Under the knife overseas

Growing numbers of Americans are traveling abroad to undergo medical and dental procedures that are much less expensive than they are in this country — and sometimes not available in the United States at all.

These so-called “medical tourists” have a vacation in an exotic place where they can soak up the sun, visit a few golden temples or other landmarks and end up with a new hip or knee, a healthy heart — or a robot-controlled joint replacement, a procedure that has not yet been approved in this country.

In addition, “they return with a lot more money left in their pockets — sometimes 70 [percent] to 80 percent more than if they’d been treated in the United States,” said Diana M. Ernst, a public-policy fellow in Health Care Studies for the Pacific Research Institute (PRI).

No organization tracks the number of Americans who travel abroad for surgery, according to Consumer Reports. But PlanetHospital, which arranges medical trips to eight foreign countries, said it receives more than 4,000 inquiries a month.

“In a recent month, we arranged 81 surgeries, and 47 patients were from the United States,” said Rudy Rupak, founder and president of the Calabasas, Calif.-based company.

Uwe Reinhardt, a health economist at Princeton University, said he has not heard “one horror story” involving a medical tourist.

“If there had been, you could be sure the medical establishment would have amplified it,” Mr.
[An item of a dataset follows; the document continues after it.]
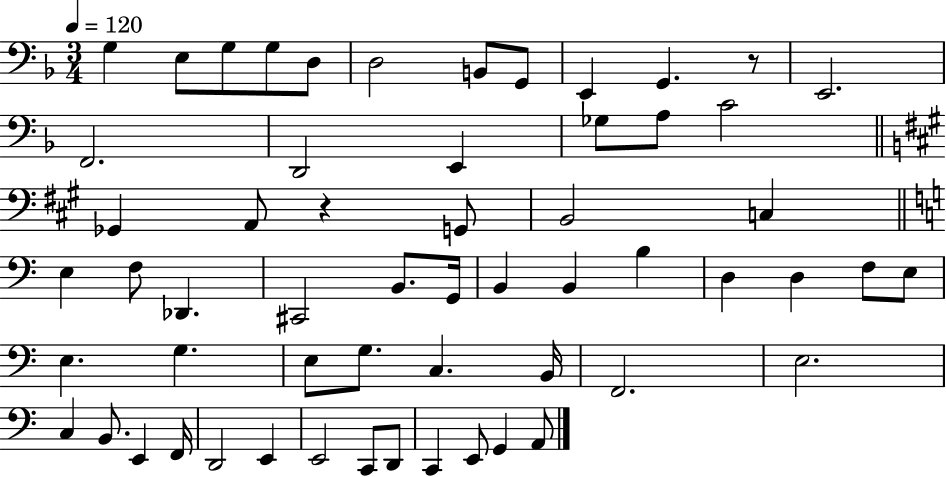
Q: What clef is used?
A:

Reinhardt said.

But Consumer Reports warns that people “should know the risks” involved in having surgery in a foreign country, such as “uncertain regulation, lack of background information on surgeons, lack of follow-up care and difficulty suing” a foreign physician or hospital.

However, it does acknowledge that going abroad might be the only way to afford surgery or dental work for those without health insurance or for those whose policies do not cover the procedures they need.

“The health care situation in the United States today is causing people to go bankrupt and is forcing companies to decide if they will have to lay off people in order to provide health care benefits,” said Tom Kesling, president of Raleigh, N.C.-based IndUShealth, which sends Americans to India for various medical procedures.

The American Medical Association has not yet taken a position on medical tourism, although it is expected to do so in the future, a spokeswoman said.

“But we don’t think medical tourism is a policy for uninsured Americans,” she said.

‘One player among others’

MedRetreat, a Vernon Hills, Ill.-based medical-tourism firm with offices in Fulton, Md., said it arranged surgeries in foreign countries for more than 200 Americans last year and more than 350 this year.